Woman gives birth to stranger’s baby – Monash IVF’s error after error causing mistrust in the industry

date
24 June 2025

Monash IVF has been under fire for its recent errors, including a case where a stranger’s embryo was implanted and resulted in birth, the first such case in Australia.

As a result, there have been calls for reforms in IVF laws and regulations to ensure greater transparency and accountability in the IVF industry. A comparison with similar US cases gives some insight into how courts may decide if legal proceedings are to be initiated here.

The background

If you’ve been following the news, you may have seen Monash IVF come under national scrutiny following a series of unfortunate errors shocking not only the families involved, but also many current and prospective IVF patients.

In August last year, Monash IVF settled a class action involving over 700 members for defective genetic testing of embryos and the discarding of potentially viable embryos.
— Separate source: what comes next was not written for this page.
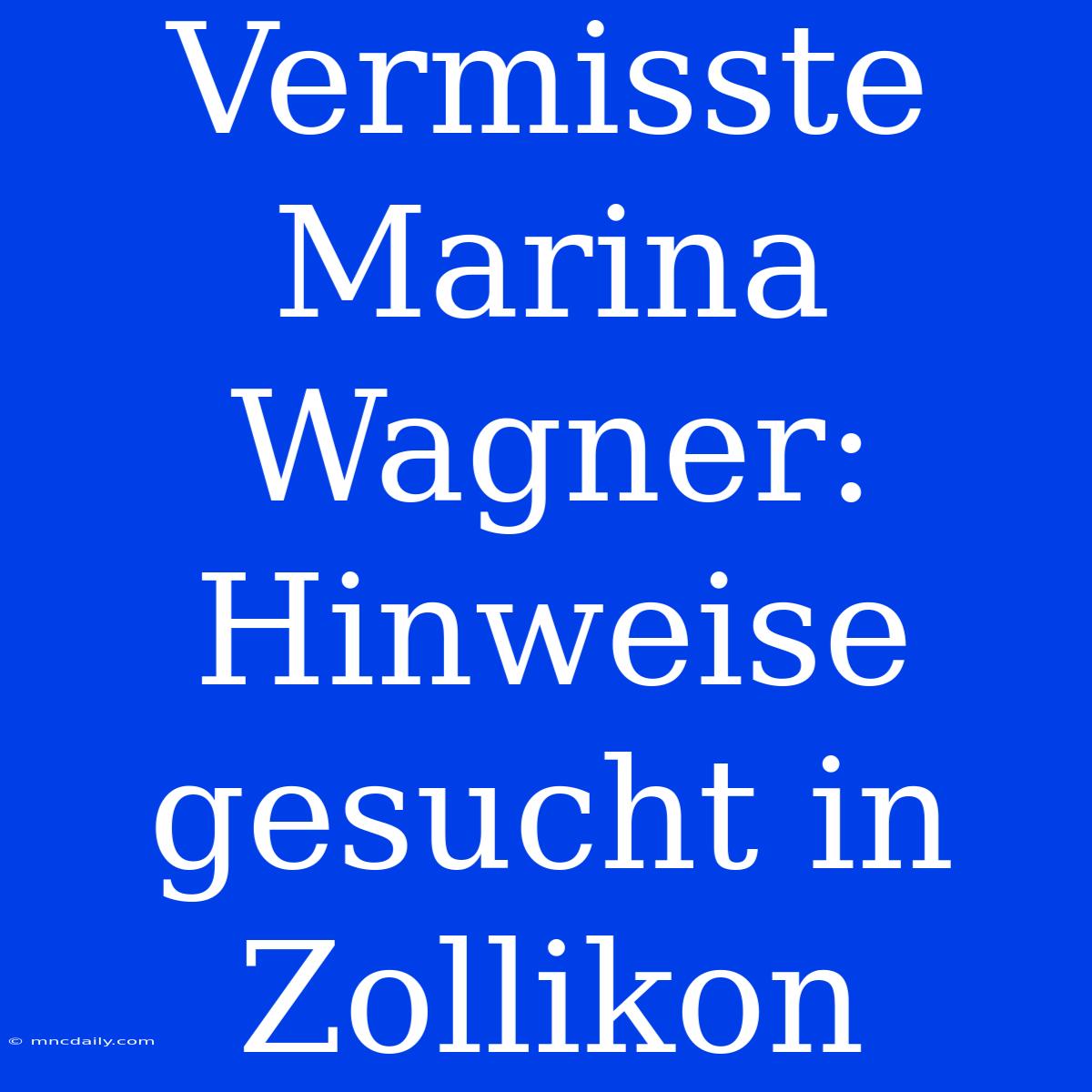 Vermisste Marina Wagner: Hinweise Gesucht In Zollikon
The clinic’s CEO, Michael Knapp, resigned earlier this month, after it was revealed that the clinic had transferred a patient’s embryo back to herself, rather than implanting the embryo into her partner.
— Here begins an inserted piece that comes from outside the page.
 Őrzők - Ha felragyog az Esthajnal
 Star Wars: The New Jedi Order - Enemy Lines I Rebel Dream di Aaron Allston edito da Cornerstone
That incident followed another involving a Brisbane woman who discovered that she had given birth to a stranger’s baby after being implanted with another couple’s embryo in early 2023. Monash IVF realised the error in February 2025, after the birth parents requested that their remaining frozen embryos be transferred to another provider and the clinic identified an additional embryo remaining in storage for the birth parents.
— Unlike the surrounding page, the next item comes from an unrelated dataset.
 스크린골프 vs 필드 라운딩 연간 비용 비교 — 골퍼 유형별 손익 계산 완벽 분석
While neither the birth parents nor the biological parents have started legal proceedings at this stage, the presumption is that the birth parents are the legal parents of the child, since they would have been registered as the child’s parents at birth.

This represents a devastating conundrum for the parties involved and raises a minefield of legal and ethical issues which will need to be disentangled. The Assisted Reproductive Technology Act 2024 (Qld) introduced last year does not apply to this case as it is due to be implemented from September 2025. Under the new regulations, IVF providers will be required to keep records and report errors (such as the aforementioned) to the regulator.

The Act will also grant Queensland Health the power to suspend, or ban assisted reproductive technology providers from operating. However, Monash IVF has stated that these laws would not have prevented the incident from occurring, as the cause was human error. Although this is the first case of its kind to surface in Australia, IVF-related lawsuits have been unfolding in the United States for years, offering valuable insight into what could happen here.

US Cases

In 2023, a US woman, Krystena Murray, conceived via IVF treatment and delivered a baby who was of a different ethnicity to herself and the sperm donor she had selected. Murray informed the IVF clinic but intended to raise the child herself. However, the clinic notified the biological parents who initiated custody proceedings, resulting in the surrender of the child when he was only a few months old. Murray is still unaware of what happened to her own embryo and has commenced legal proceedings against the fertility clinic.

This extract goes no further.